* [Input material]

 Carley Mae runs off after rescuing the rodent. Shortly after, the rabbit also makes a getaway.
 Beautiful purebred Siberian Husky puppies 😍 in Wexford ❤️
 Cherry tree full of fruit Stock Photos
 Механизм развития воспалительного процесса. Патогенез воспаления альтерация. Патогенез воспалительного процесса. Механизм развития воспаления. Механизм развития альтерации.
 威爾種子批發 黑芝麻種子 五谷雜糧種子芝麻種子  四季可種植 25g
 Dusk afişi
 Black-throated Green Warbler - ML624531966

--

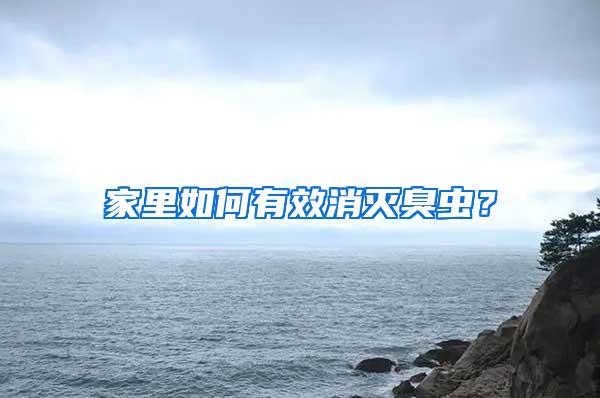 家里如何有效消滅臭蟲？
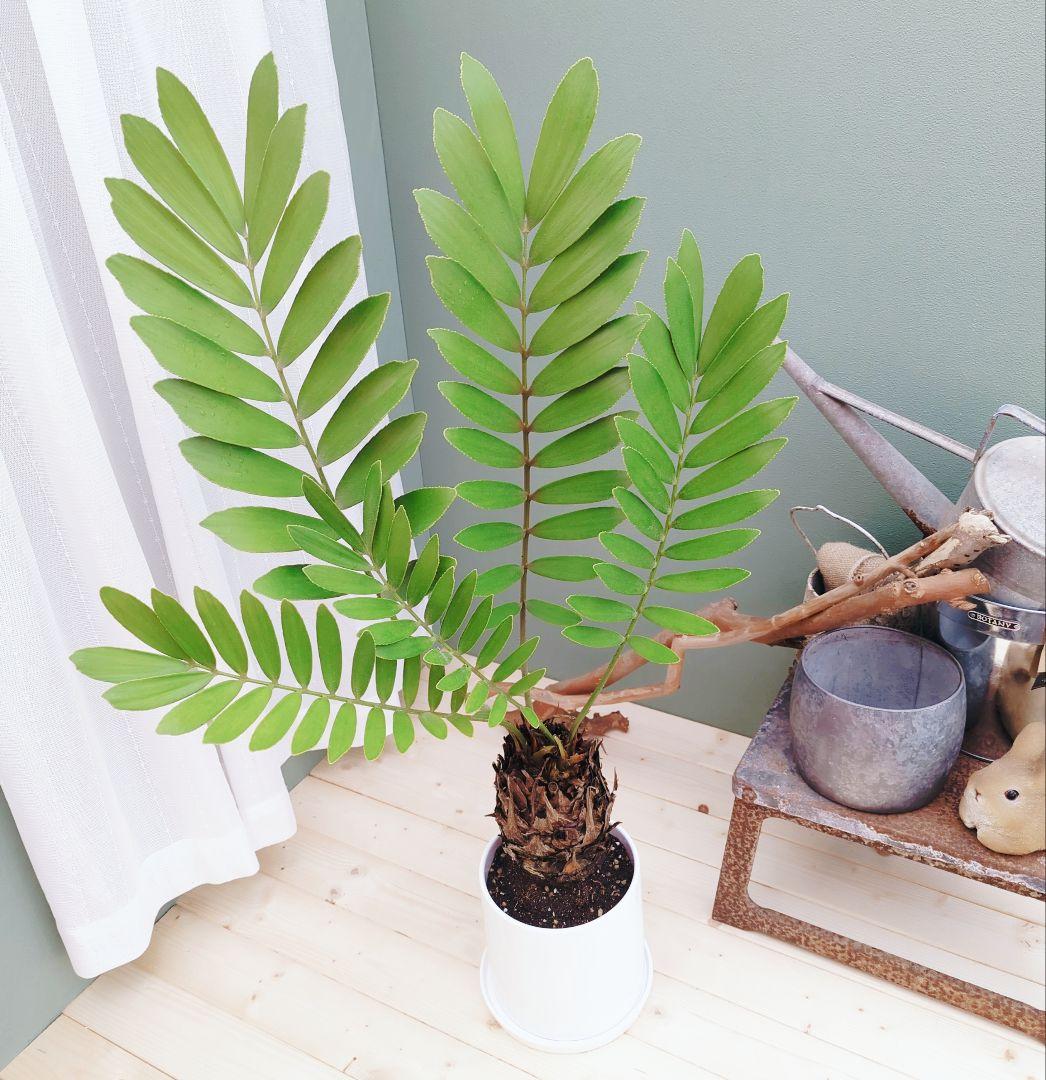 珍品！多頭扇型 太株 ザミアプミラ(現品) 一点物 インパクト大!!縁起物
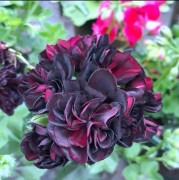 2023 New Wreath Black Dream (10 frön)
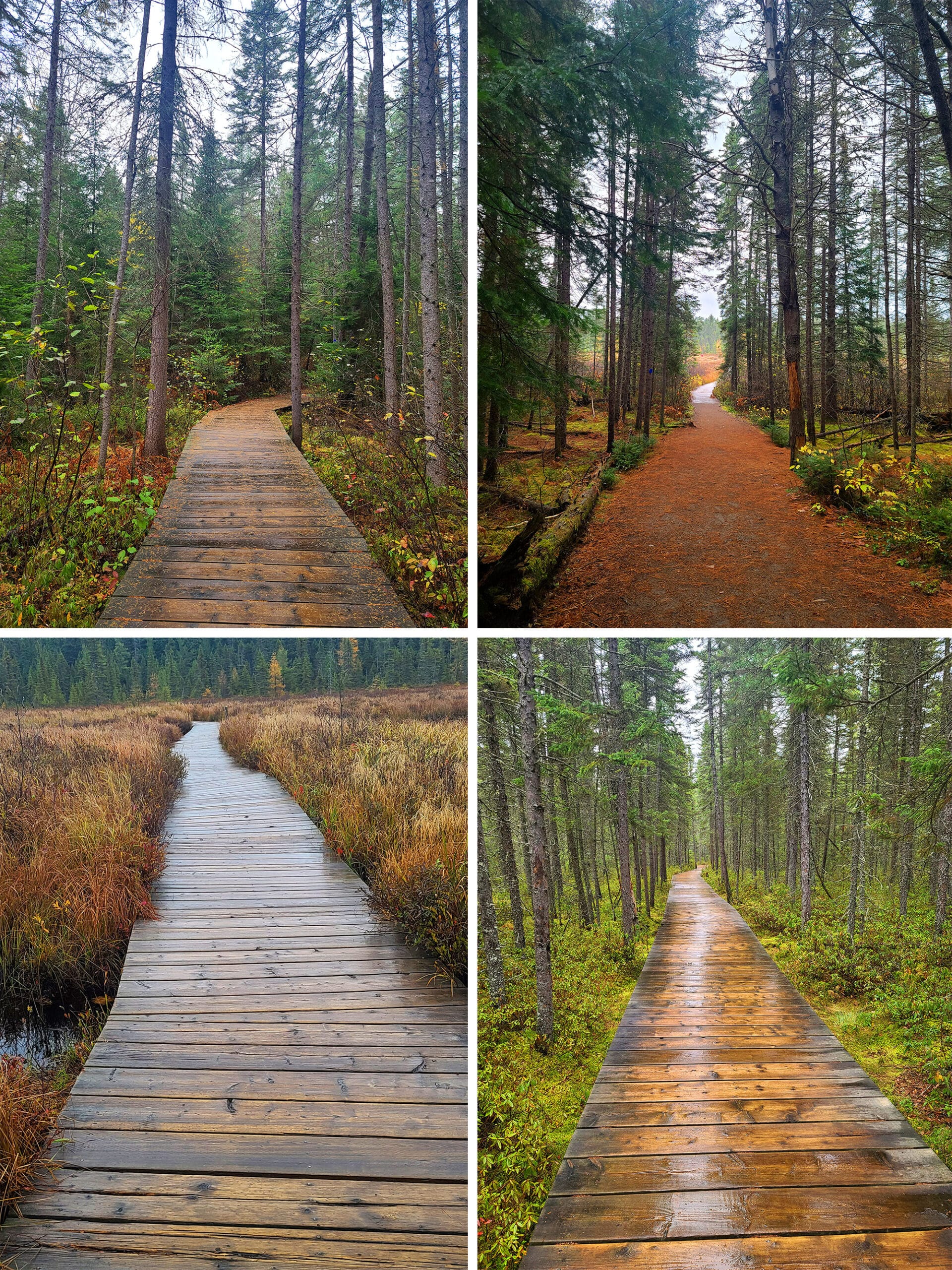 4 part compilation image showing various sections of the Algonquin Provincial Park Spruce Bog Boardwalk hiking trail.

* [Work instruction] Repeat the entries above verbatim, but only from the line that has "威爾種子批發 黑芝麻種子 五谷雜糧種子芝麻種子" down to the line that has "Black-throated Green Warbler - ML624531966", inclusive.

* [Exercise output]
 威爾種子批發 黑芝麻種子 五谷雜糧種子芝麻種子  四季可種植 25g
 Dusk afişi
 Black-throated Green Warbler - ML624531966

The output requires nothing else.